When I tell my class that the next chapter we’ll be looking at is about cosmology, there is always the one well meaning, if not well read, student who exclaims something like, “What do make-up and lipstick got to do with stars?” Once I come to, I explain - in the nicest way, of course - that cosmology is the study of the entire universe from birth to impending death. It is not cosmetology, the study of cosmetics and their many interesting uses.

There are plenty of candy references I get to put up with, too. Besides the obvious planetary namesake that is the Mars bar, which recently went down the Street of Discontinued Candies - but which you can still get on eBay! - there is the astronomically christened Milky Way bar.

Recently it has been discovered that our galaxy, the real Milky Way, has a bar-shaped thicket of stars through its center. Our home is classified as a “barred spiral galaxy.” But don’t make the mistake of asking what the bar in the Milky Way is made of unless you want to hear the quirky answer, “Fluffy milk chocolate?” followed by some goofy laughter.

And, yes, there really is a type of cosmic phenomenon called a Starburst. And no, it is not composed of a multi-colored assortment of chewy fruit-flavored candy. It is a place of intense starbirth that can light up entire areas of galaxies.
Then there is the stockpile of singular names of astronomers past and present. I can lose a class for a couple minutes by just mentioning or trying to pronounce some of these names.

For example, Annie Jump Cannon is not a complete, but ungrammatical sentence about a woman leaping over a large cylindrical weapon. It is the real name of a very famous pioneering woman astronomer who was first to classify stars – over a half million of them - back in the early 20th century.

Other tongue-twisting topliners are Tycho Brahe, the great pretelescopic Danish observer; Karl Schwarzschild, a pioneer in the field of black holes; the extraordinarily eccentric Fritz Zwicky out of Caltech, one of the first astronomers to consider the now vital tool of gravitational lensing; Enjar Hertzsprung, another Danish astronomer who, with another astronomer by the relatively lackluster name of Henry Russell, gave us the most famous star diagram in astronomy.

In my opinion, though, the king of all names unique, and the moniker that offers a great chance for me to embarrass myself in front of my class, belongs to Subrahmanyan Chandrasekhar (pictured here). He was the world-class astronomer who helped define the mass limits of dead stars called white dwarfs. Mercifully for me, everyone called him Chandra for short. The Chandra X-ray Observatory, a cutting-edge tool for discovering the invisible universe, was named for him.

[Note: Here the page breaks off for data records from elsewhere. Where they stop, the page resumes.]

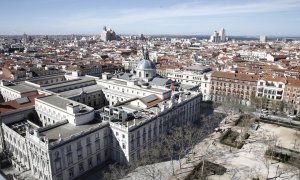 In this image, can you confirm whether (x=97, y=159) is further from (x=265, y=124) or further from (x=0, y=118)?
(x=265, y=124)

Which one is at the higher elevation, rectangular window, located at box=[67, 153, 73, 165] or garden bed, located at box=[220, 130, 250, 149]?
rectangular window, located at box=[67, 153, 73, 165]

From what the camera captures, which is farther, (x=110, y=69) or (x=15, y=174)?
(x=110, y=69)

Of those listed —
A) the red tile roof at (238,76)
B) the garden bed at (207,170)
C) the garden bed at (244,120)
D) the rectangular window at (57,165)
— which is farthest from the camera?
the red tile roof at (238,76)

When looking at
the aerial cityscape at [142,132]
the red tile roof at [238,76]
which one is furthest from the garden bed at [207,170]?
the red tile roof at [238,76]

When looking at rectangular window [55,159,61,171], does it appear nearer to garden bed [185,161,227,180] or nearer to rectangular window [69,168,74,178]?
rectangular window [69,168,74,178]

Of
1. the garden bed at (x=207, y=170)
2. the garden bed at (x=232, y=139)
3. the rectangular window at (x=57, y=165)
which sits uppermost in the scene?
the rectangular window at (x=57, y=165)

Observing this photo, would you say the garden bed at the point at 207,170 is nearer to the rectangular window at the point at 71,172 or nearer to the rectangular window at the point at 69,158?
the rectangular window at the point at 71,172

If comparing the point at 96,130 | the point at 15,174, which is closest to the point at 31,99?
the point at 15,174

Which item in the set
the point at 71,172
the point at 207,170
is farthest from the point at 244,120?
the point at 71,172

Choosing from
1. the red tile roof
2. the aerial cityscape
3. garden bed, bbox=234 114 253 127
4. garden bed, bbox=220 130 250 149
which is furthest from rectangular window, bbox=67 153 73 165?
the red tile roof

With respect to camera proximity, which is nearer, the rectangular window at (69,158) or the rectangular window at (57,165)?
the rectangular window at (57,165)

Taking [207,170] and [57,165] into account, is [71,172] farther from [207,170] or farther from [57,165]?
[207,170] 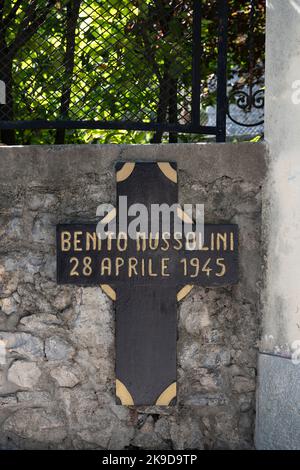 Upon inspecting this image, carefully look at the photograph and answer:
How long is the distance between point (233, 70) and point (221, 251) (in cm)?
188

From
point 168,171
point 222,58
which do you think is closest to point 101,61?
point 222,58

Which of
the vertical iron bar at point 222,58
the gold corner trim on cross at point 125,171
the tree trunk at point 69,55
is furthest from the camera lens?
the tree trunk at point 69,55

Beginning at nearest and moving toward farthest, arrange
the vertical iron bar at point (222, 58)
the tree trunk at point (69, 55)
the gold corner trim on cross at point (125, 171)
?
the gold corner trim on cross at point (125, 171), the vertical iron bar at point (222, 58), the tree trunk at point (69, 55)

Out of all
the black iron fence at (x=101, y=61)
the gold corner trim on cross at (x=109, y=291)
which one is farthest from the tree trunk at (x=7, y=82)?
the gold corner trim on cross at (x=109, y=291)

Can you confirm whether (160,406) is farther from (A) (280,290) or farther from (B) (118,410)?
(A) (280,290)

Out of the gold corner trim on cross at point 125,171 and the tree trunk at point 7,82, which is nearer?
the gold corner trim on cross at point 125,171

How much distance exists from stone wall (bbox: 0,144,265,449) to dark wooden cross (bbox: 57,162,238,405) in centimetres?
5

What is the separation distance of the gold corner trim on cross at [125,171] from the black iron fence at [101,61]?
1.18 feet

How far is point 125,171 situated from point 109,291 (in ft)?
1.72

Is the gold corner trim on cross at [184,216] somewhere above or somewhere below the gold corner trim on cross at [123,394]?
above

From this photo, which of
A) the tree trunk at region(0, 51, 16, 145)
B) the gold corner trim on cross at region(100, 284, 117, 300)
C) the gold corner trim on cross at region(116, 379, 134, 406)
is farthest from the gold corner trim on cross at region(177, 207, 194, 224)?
the tree trunk at region(0, 51, 16, 145)

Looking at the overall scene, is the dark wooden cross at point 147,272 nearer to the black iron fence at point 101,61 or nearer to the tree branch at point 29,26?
the black iron fence at point 101,61

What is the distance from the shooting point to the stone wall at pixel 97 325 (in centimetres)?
328

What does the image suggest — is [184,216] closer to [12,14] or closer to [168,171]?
[168,171] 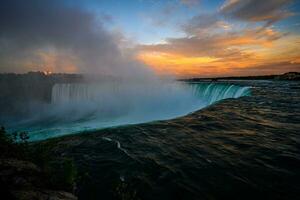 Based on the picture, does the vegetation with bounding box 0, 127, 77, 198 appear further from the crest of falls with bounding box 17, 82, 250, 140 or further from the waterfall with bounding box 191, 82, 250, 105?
the waterfall with bounding box 191, 82, 250, 105

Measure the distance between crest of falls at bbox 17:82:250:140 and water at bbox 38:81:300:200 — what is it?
17.3 meters

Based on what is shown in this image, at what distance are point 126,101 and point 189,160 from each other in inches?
1303

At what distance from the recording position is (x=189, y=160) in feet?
20.0

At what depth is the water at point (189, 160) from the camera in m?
4.50

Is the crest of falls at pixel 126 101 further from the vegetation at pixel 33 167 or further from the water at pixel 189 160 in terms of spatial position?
the vegetation at pixel 33 167

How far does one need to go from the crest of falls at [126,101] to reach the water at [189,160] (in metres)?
17.3

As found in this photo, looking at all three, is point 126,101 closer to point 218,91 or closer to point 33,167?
point 218,91

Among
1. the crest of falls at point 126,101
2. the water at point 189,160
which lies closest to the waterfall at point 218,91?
the crest of falls at point 126,101

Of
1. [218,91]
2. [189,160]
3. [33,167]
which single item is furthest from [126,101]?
[33,167]

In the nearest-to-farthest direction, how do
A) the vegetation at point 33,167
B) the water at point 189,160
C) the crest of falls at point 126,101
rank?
the vegetation at point 33,167
the water at point 189,160
the crest of falls at point 126,101

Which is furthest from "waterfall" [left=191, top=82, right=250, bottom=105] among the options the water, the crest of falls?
the water

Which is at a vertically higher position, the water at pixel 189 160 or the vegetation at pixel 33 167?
the vegetation at pixel 33 167

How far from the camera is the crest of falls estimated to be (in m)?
28.1

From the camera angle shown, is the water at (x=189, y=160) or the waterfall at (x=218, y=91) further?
the waterfall at (x=218, y=91) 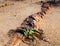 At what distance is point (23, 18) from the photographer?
7.78 metres

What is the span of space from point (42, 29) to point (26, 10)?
2021mm

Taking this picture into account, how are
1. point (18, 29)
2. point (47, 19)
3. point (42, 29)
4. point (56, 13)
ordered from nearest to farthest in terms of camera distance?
point (18, 29), point (42, 29), point (47, 19), point (56, 13)

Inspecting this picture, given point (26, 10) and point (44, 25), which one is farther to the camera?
point (26, 10)

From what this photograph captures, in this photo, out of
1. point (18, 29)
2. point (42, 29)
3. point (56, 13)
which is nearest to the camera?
point (18, 29)

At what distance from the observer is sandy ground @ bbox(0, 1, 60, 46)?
20.9ft

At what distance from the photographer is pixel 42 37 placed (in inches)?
255

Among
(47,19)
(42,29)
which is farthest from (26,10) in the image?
(42,29)

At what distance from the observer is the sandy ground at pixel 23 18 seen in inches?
251

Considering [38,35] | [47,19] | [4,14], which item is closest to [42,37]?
[38,35]

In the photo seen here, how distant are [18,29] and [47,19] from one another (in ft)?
6.30

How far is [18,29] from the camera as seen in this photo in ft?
20.9

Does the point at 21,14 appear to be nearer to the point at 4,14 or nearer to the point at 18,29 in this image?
the point at 4,14

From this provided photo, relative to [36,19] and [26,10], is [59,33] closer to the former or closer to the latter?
[36,19]

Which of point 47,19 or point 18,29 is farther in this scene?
point 47,19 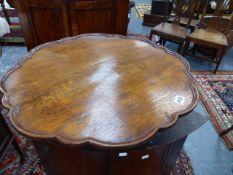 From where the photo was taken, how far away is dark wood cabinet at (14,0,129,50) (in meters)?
2.15

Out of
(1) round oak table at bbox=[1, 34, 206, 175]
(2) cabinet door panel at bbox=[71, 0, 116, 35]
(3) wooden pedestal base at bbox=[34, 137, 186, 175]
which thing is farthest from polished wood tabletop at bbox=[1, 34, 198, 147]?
(2) cabinet door panel at bbox=[71, 0, 116, 35]

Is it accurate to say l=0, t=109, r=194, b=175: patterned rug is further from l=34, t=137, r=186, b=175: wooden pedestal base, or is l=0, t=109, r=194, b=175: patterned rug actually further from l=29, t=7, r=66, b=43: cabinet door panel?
l=29, t=7, r=66, b=43: cabinet door panel

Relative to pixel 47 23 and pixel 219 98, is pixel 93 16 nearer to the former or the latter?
pixel 47 23

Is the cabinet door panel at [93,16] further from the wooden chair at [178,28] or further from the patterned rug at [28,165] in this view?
the patterned rug at [28,165]

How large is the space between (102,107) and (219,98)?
1.95 metres

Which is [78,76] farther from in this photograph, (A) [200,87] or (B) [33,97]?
(A) [200,87]

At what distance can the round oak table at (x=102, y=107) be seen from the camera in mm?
904

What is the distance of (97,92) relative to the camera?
43.3 inches

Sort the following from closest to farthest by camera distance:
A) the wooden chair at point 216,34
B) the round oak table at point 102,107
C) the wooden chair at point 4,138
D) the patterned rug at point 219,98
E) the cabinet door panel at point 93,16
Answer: the round oak table at point 102,107 → the wooden chair at point 4,138 → the patterned rug at point 219,98 → the cabinet door panel at point 93,16 → the wooden chair at point 216,34

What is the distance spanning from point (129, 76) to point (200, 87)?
168 cm

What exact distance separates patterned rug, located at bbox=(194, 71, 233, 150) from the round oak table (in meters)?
0.91

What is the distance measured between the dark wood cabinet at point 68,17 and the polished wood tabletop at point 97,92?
2.66 feet

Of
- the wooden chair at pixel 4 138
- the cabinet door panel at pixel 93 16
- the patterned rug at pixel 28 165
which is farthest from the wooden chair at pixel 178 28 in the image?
the wooden chair at pixel 4 138

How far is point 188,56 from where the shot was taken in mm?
3217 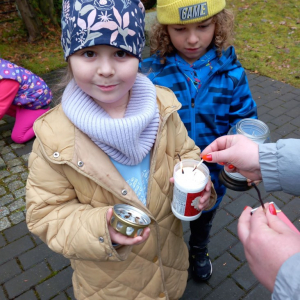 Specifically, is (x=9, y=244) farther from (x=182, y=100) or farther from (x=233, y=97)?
(x=233, y=97)

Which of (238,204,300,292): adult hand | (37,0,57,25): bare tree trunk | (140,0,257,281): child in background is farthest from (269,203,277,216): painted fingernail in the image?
(37,0,57,25): bare tree trunk

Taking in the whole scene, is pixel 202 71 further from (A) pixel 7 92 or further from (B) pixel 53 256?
(A) pixel 7 92

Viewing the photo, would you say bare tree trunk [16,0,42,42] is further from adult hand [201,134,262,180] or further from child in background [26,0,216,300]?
adult hand [201,134,262,180]

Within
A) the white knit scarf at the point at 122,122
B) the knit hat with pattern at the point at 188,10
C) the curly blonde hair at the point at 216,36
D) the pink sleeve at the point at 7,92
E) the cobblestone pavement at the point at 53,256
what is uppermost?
the knit hat with pattern at the point at 188,10

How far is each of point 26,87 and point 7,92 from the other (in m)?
0.31

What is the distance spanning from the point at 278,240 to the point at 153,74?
151cm

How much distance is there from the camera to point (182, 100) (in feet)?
7.23

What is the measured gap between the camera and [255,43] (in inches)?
303

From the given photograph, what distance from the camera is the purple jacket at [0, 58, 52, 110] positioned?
4234mm

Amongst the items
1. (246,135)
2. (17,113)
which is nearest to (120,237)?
(246,135)

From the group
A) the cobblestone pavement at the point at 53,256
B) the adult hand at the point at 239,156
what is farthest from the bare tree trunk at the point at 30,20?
the adult hand at the point at 239,156

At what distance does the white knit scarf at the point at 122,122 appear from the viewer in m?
1.50

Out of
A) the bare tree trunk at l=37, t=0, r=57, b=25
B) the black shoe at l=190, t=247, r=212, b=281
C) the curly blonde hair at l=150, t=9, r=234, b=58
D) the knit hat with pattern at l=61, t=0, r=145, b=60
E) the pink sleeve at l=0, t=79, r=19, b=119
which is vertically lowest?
the black shoe at l=190, t=247, r=212, b=281

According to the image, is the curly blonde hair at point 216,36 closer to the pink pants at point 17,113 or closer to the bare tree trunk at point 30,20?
the pink pants at point 17,113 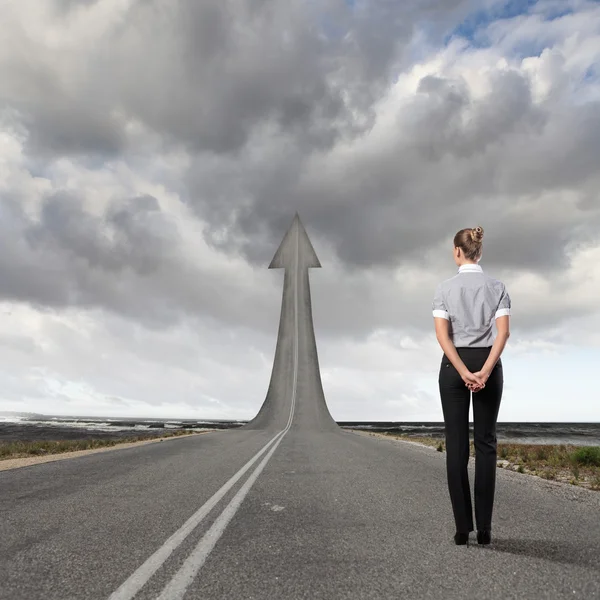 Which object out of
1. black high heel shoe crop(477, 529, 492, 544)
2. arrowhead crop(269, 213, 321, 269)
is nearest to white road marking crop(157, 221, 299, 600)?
black high heel shoe crop(477, 529, 492, 544)

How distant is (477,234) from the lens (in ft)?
13.3

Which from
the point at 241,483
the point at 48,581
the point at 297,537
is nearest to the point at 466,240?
the point at 297,537

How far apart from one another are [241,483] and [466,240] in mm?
4748

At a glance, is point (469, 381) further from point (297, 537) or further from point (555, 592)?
point (297, 537)

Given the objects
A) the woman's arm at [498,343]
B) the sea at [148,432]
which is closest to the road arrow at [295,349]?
the sea at [148,432]

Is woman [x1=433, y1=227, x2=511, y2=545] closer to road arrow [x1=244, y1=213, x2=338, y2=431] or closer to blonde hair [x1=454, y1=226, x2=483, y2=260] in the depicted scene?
blonde hair [x1=454, y1=226, x2=483, y2=260]

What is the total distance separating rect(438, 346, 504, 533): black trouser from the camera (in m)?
3.71

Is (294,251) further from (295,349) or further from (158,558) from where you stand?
(158,558)

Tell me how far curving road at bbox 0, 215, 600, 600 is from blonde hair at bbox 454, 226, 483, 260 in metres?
2.17

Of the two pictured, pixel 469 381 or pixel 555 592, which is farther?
pixel 469 381

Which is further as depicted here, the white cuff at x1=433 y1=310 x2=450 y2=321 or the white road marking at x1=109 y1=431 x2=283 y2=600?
the white cuff at x1=433 y1=310 x2=450 y2=321

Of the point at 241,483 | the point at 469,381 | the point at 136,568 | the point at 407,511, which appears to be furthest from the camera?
the point at 241,483

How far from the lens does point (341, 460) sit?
34.3ft

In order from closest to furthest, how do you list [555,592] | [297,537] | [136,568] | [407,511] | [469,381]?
[555,592] < [136,568] < [469,381] < [297,537] < [407,511] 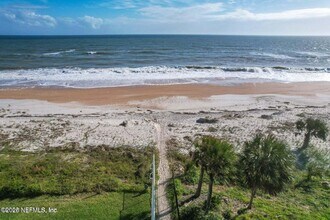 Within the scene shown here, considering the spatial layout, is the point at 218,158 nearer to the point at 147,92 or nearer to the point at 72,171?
the point at 72,171

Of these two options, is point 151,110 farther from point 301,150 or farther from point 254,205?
point 254,205

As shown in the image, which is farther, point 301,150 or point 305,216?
point 301,150

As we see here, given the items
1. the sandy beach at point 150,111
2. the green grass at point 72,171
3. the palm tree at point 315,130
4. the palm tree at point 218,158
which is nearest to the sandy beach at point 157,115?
the sandy beach at point 150,111

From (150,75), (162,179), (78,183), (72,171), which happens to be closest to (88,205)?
(78,183)

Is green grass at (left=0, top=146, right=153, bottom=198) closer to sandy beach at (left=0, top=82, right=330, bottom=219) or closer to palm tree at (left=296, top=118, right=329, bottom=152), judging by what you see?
sandy beach at (left=0, top=82, right=330, bottom=219)

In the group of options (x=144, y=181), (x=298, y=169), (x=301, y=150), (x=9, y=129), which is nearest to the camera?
(x=144, y=181)

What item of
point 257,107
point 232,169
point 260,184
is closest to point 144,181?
point 232,169

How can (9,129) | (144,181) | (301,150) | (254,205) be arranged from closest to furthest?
(254,205) → (144,181) → (301,150) → (9,129) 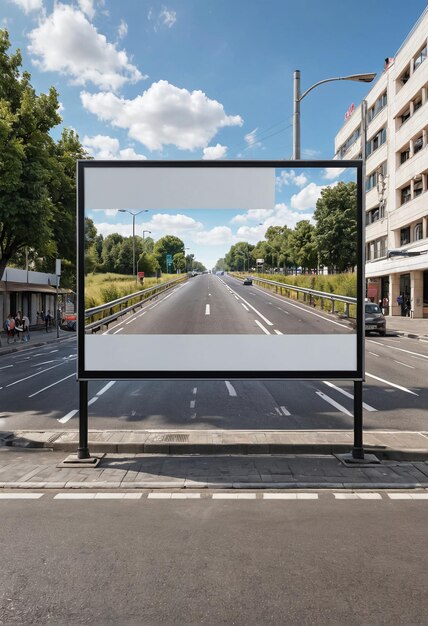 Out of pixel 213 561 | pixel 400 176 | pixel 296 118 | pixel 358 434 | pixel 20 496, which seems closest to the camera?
pixel 213 561

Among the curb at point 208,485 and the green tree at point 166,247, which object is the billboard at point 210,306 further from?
the curb at point 208,485

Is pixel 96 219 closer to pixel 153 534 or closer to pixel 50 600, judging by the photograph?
pixel 153 534

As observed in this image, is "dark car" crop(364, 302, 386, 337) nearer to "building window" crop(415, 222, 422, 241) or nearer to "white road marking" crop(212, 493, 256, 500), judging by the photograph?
"building window" crop(415, 222, 422, 241)

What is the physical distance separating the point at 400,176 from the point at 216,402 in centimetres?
3820

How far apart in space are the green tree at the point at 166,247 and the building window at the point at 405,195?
127ft

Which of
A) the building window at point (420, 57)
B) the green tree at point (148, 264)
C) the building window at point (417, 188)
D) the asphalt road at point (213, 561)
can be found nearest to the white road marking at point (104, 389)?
the green tree at point (148, 264)

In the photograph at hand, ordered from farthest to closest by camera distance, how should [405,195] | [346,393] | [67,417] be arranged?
1. [405,195]
2. [346,393]
3. [67,417]

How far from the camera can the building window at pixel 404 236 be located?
4278 centimetres

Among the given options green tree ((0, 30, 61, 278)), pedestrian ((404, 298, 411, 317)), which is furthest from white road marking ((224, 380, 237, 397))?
pedestrian ((404, 298, 411, 317))

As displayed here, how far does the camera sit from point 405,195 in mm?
43031

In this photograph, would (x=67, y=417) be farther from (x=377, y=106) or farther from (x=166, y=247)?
(x=377, y=106)

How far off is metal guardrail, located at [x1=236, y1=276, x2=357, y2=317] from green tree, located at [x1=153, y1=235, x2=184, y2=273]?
2.01m

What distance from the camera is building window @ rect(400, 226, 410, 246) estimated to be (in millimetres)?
42781

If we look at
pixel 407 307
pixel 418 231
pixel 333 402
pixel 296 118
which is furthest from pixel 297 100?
pixel 407 307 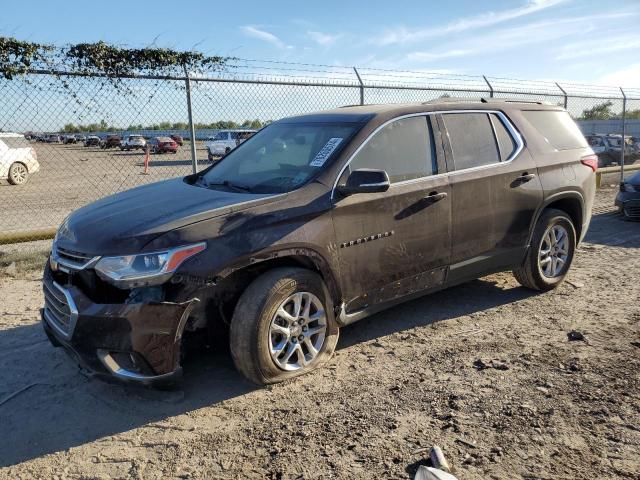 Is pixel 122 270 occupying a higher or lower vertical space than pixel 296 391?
higher

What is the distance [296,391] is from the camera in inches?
138

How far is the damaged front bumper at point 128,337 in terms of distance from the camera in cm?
304

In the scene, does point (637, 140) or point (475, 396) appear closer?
point (475, 396)

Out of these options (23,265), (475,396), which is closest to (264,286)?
(475,396)

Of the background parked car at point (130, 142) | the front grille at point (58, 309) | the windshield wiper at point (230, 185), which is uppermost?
the background parked car at point (130, 142)

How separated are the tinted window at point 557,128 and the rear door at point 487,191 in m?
0.42

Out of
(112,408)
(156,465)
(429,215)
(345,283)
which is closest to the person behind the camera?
(156,465)

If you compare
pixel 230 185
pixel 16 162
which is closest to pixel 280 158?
pixel 230 185

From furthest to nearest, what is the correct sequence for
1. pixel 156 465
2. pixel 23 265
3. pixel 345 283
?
pixel 23 265 → pixel 345 283 → pixel 156 465

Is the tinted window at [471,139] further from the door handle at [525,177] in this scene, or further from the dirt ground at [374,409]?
the dirt ground at [374,409]

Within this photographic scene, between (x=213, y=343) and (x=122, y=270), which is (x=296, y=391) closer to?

And, of course, even astronomy has its share of wordplay in the form of off-color double entendres. But I won’t foul this column with any of them except to ask you – in the nicest way, of course - to pronounce the seventh planet out, Uranus, with the accent on the first syllable, something like “YOUR-un-us.” If we all pronounced it that way, astronomy instructors could trade in hours of snickers for quality learning time.